Sementara saya, gabungan dari keduanya. Tergantung suasana hati ingin mengerjakan tugas di perpustakaan atau di rumah. Bagi Jenny asrama adalah tempat istirahat dan melepas penat, maka dia senang sekali mengundang teman-temannya untuk berpesta. Bagi saya yang suka menyendiri, ini sangat mengganggu. Apalagi ketika saya sedang ingin belajar di rumah. Sebagai kompromi, saya akan berbicara dengan Jenny, kapan saya ada ujian atau presentasi, sehingga dia tidak akan menggelar pesta di asrama.

Selain itu, kebersihan asrama harus dijaga. Bapak Kos bisa datang pada waktu yang tak terduga. Untuk mengecek kerapian dan kebersihan asrama. Ketika musim dingin akan segera tiba, dia akan datang mengecek pemanas ruangan untuk memastikan bahwa tidak ada masalah. Ketika musim dingin, suhu udara bisa sampai minus 5 derajat celcius. Pada saat seperti itu, pemanas ruangan harus bekerja secara maksimal.

Penampakan kamar kosong di asrama mahasiswa Konstanz, 2017Foto: Privat

Tinggal jauh dari orangtua dan sanak saudara berarti harus melakukan semua pekerjaan rumah tangga sendiri. Karena kami tinggal bertiga, maka tugas pun dibagi tiga, yaitu antara menyapu dan mengepel, membuang sampah atau membersihkan dapur. Tiga tugas ini digilir seminggu sekali. Perihal membuang sampah, kami harus menyortir sampah ke berbagai kantong plastik dan tempat sampah. Misalnya gelber Sack merupakan kantong plastik khusus kemasan berbagai produk. Sedangkan untuk kertas yang sudah terpakai, harus dibuang ke tempat sampah khusus kertas. Kalau sampah botol, harus disortir lagi berdasarkan warnanya. Ada Biomüll untuk sampah sayuran dan buah-buahan. Ada juga Restmüll untuk sampah yang tidak dapat didaur ulang misalnya debu dari kantung penyedot debu.
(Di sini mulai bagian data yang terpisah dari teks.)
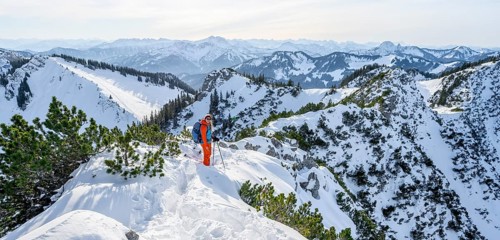 Hiker in winter climbing the Aiplspitz, Mangfall mountains, Bavarian Prealps, Bavaria, Tyrol,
Untuk urusan sepele seperti bersih-bersih, kadang para tetangga saling menyalahkan satu sama lain. Anna bilang kalau Jenny malas mencuci piring. Berhari-hari dibiarkan kotor begitu saja di dapur. Hari yang lain, Jenny bilang kalau saya belum membuang sampah organik. Padahal isi sampah itu punya dia semua. Lain hari, Jenny menyalahkan Anna karena isi kulkas penuh dengan makanan Anna semua, sehingga tidak ada tempat lagi.

Selain tugas bersih-bersih yang telah dibagi tiga, kami juga harus masak dan mencuci baju sendiri. Karena saya orang Asia sendiri di antara kami bertiga, bahkan cara memasak pun mengakibatkan culture shock. Misalnya ketika saya masak nasi dengan magic jar. Mereka tidak pernah melihat ini sebelumnya dan terheran-heran. Juga ketika saya membuat mie instan dengan telur. Mereka kaget karena belum pernah melihat orang merebus telur tanpa cangkang berbarengan dengan mie.

Dapur bersama di asrama mahasiswa di Konstanz, 2017Foto: Privat

Mahasiswa Jerman tidak suka nongkrong di mall

Bicara soal kebiasaan, anak muda jerman suka sekali kumpul di asrama mahasiswa salah satu teman. Sebab menongkrong di mall atau café bukanlah budaya anak muda di Jerman. Kalau makan di restoran atau ngopi, mereka akan meninggalkan restoran ketika makanan sudah habis. Tak akan ada acara berlama-lama ngobrol, padahal makanan sudah habis sejak tiga jam yang lalu.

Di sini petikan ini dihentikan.